Record extracts:

------

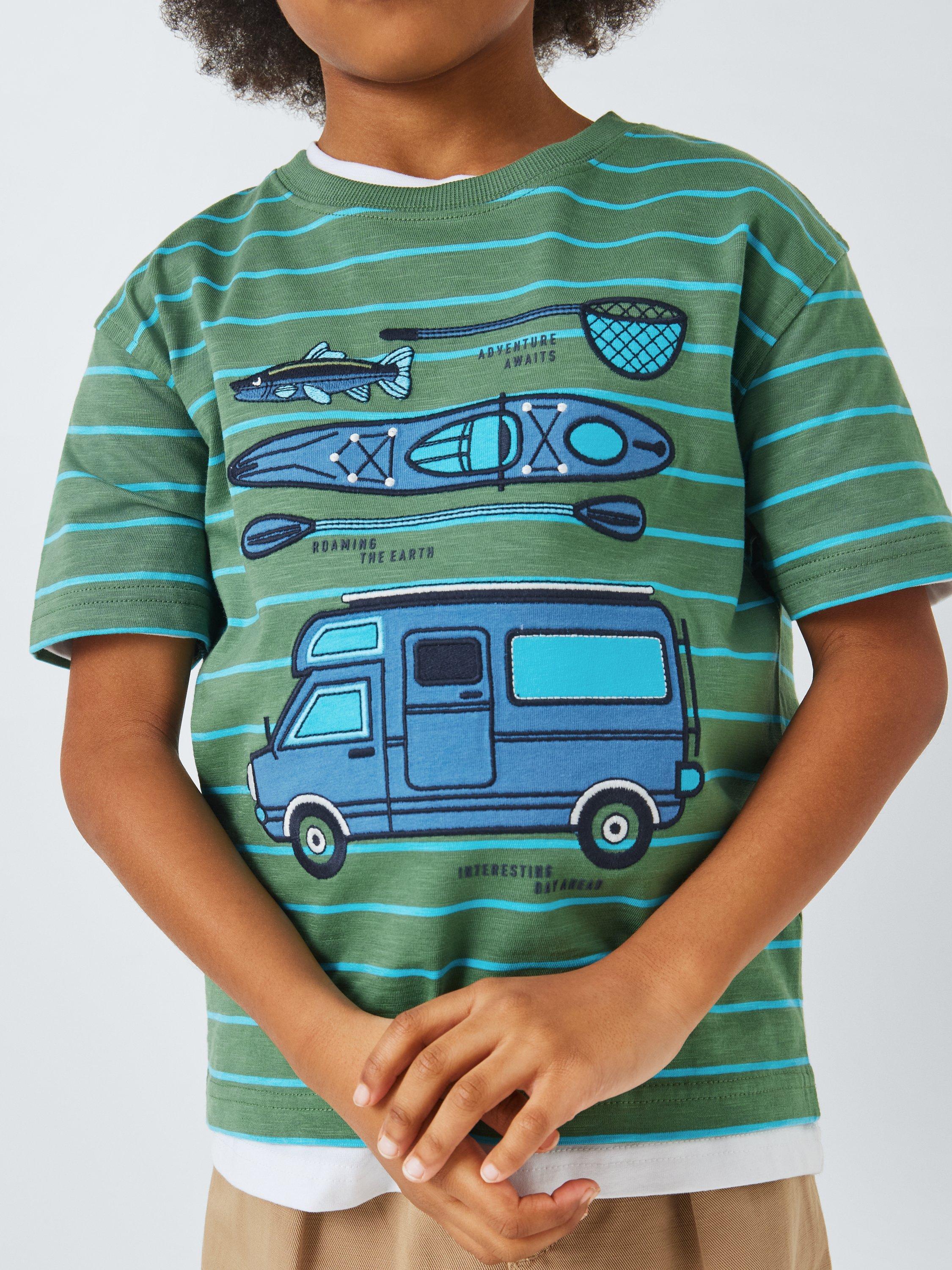 Product image 4 of 6, which shows John Lewis Kids' Camper Stripe T-Shirt, Green, 2 years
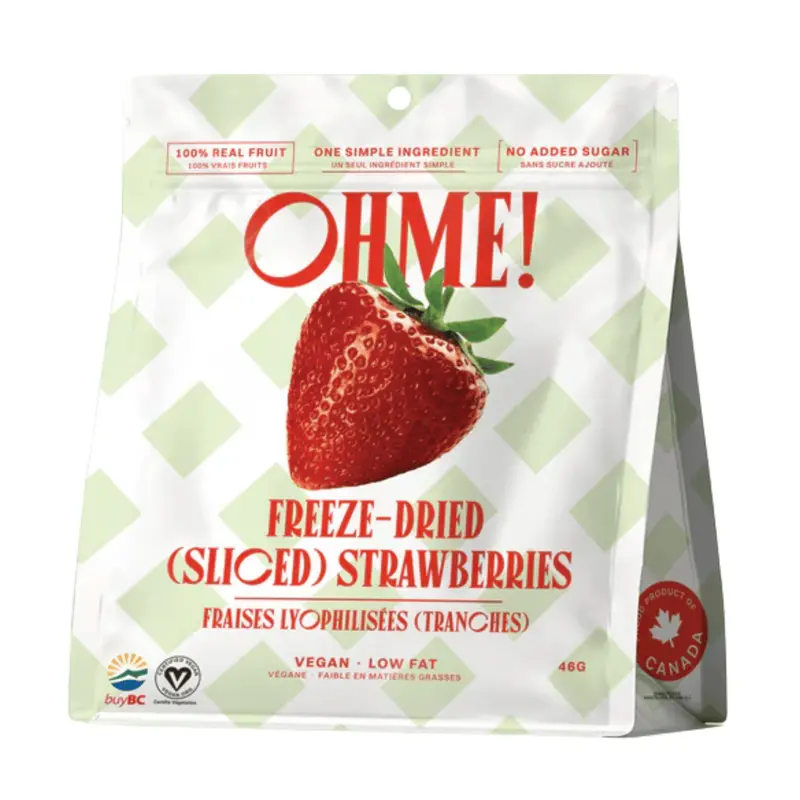 Ohme! Freeze-Dried Strawberries – 46G Bright, Tangy Berry Pieces 1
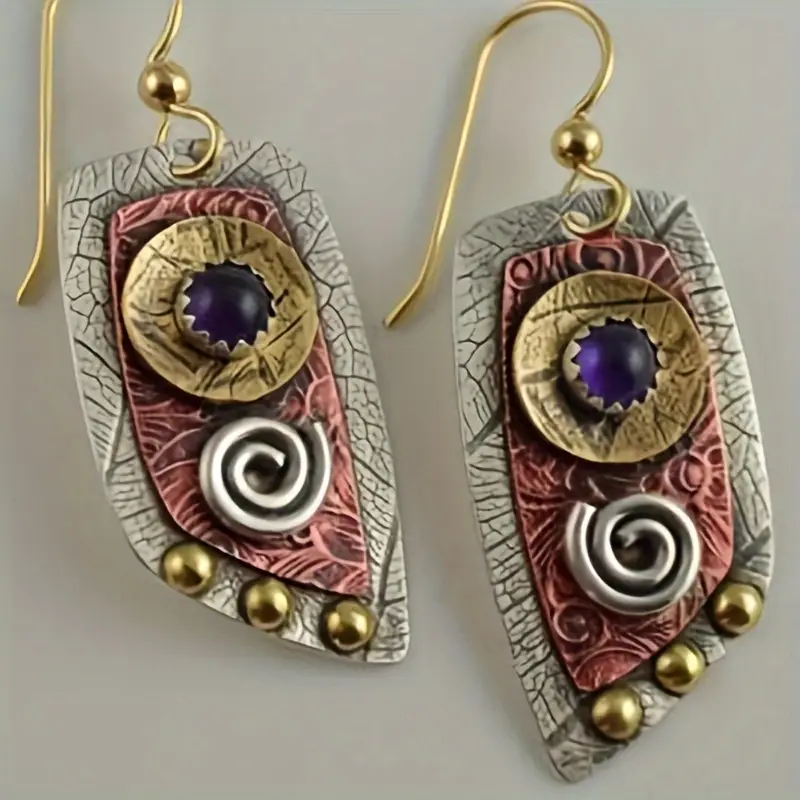 Boucles d'oreilles vintage marron et argent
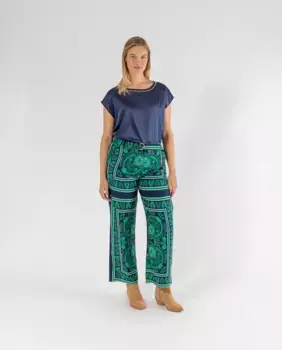 Женские брюки с принтом с эффектом платка October, цвет Azul ndigo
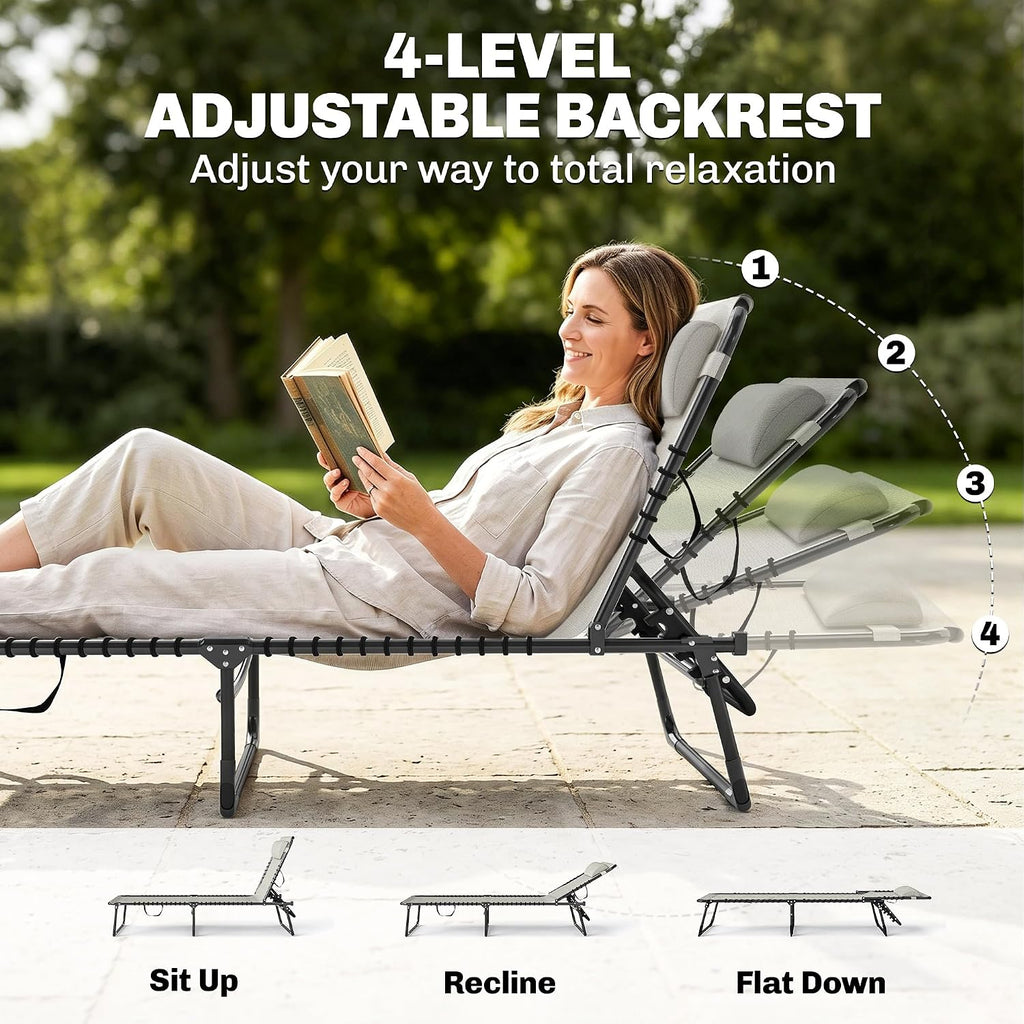 Mesh Outdoor Folding Chaise Lounge Set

------

Task description: Reproduce the entries above exactly, without images.

Completed task:
 Product image 4 of 6, which shows John Lewis Kids' Camper Stripe T-Shirt, Green, 2 years
 Ohme! Freeze-Dried Strawberries – 46G Bright, Tangy Berry Pieces 1
 Boucles d'oreilles vintage marron et argent
 Женские брюки с принтом с эффектом платка October, цвет Azul ndigo
 Mesh Outdoor Folding Chaise Lounge Set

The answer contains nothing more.